Last updated: February 20, 2008 - 11:49pm
[SOURCE: Wall Street Journal, AUTHOR: Jesse Drucker]
The good news for Web-surfing American households is that the cost of entry-level, high-speed Internet service is falling, thanks to competition between telephone and cable companies. The bad news is that even at these low prices you're not getting much for your money. What passes for entry-level broadband service -- the most heavily marketed since summer -- is downright sluggish in the U.S. compared with that in many other countries; and not just in tech-crazed locales like Korea and Japan, but also in the likes of France. The inferior value of U.S. broadband service becomes clear when you calculate the monthly "cost per megabit" of Internet access, or how much you pay to get a megabit's worth of download capability.
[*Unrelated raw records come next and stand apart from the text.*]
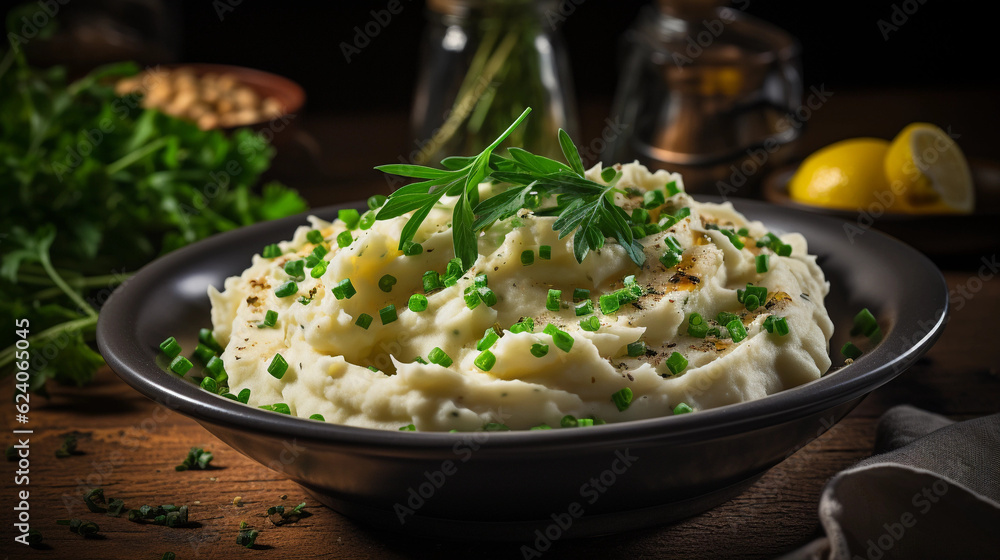 A bowl of comforting and creamy mashed potatoes, garnished with fresh herbs A bowl of comforting and creamy mashed potatoes, garnished with fresh herbs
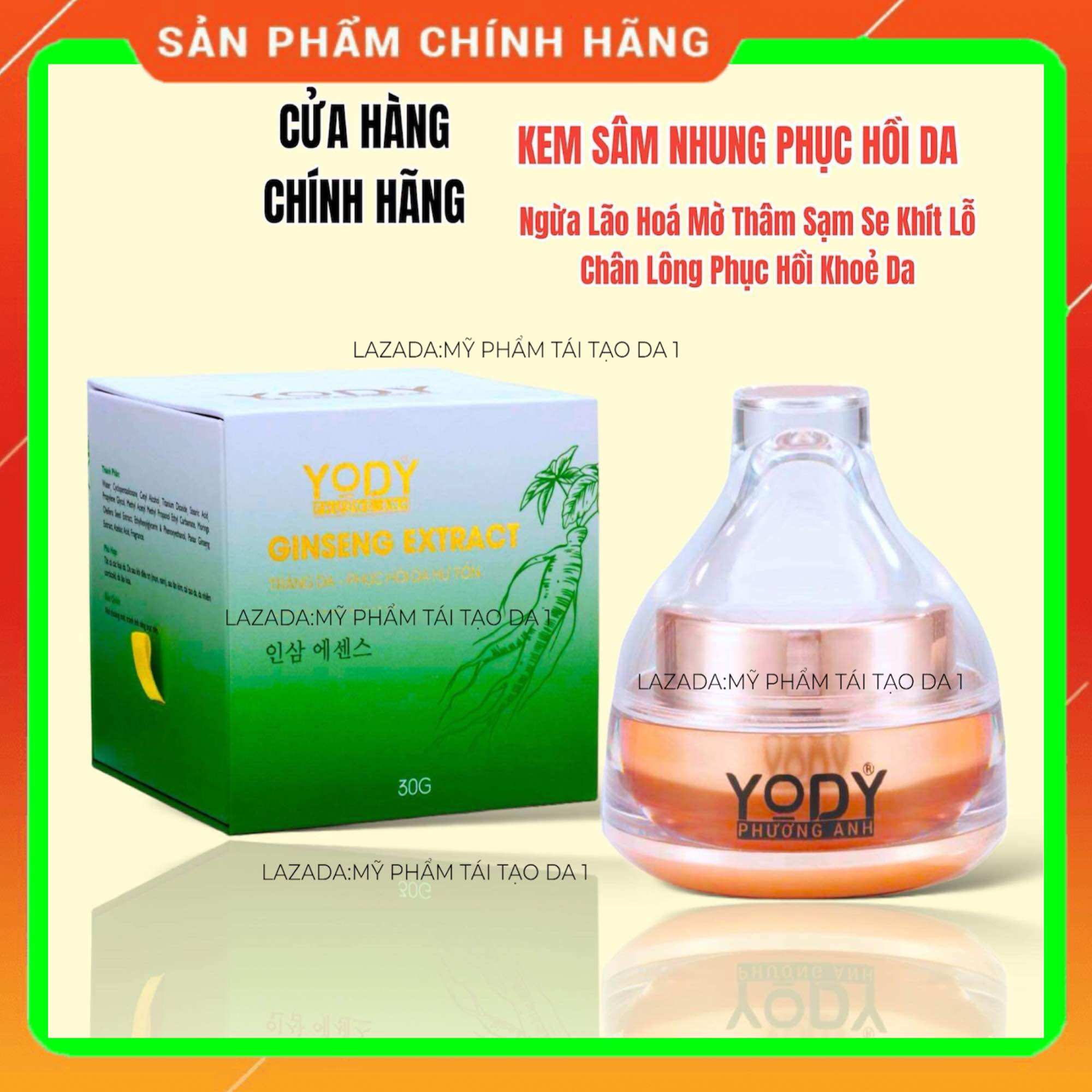 Cao Sâm Nhung Dưỡng Trắng Da Phục Hồi Da Hư Tổn Yody White Phương Anh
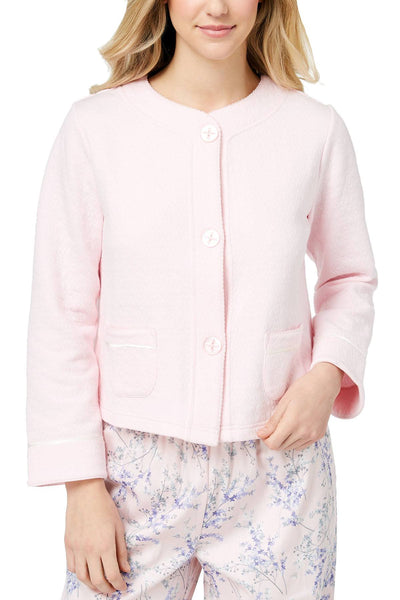 Charter Club Intimates Cherub-Pink Quilted Satin-Trim Bed Jacket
The very definition of broadband in the U.S. isn't keeping up with the increasingly sophisticated ways a consumer uses the Web. The FCC defines "high speed" as 200 kilobits in at least one direction. That may have been speedy in 1995, but it's pretty pokey in 2005, when speed should be measured in megabits -- at least five times as fast -- instead. Michael Gallagher, head of the National Telecommunications and Information Administration, the U.S. Commerce Department arm that advises the White House on policy, says the best way to get universal, affordable broadband is to leave things to the competitive market.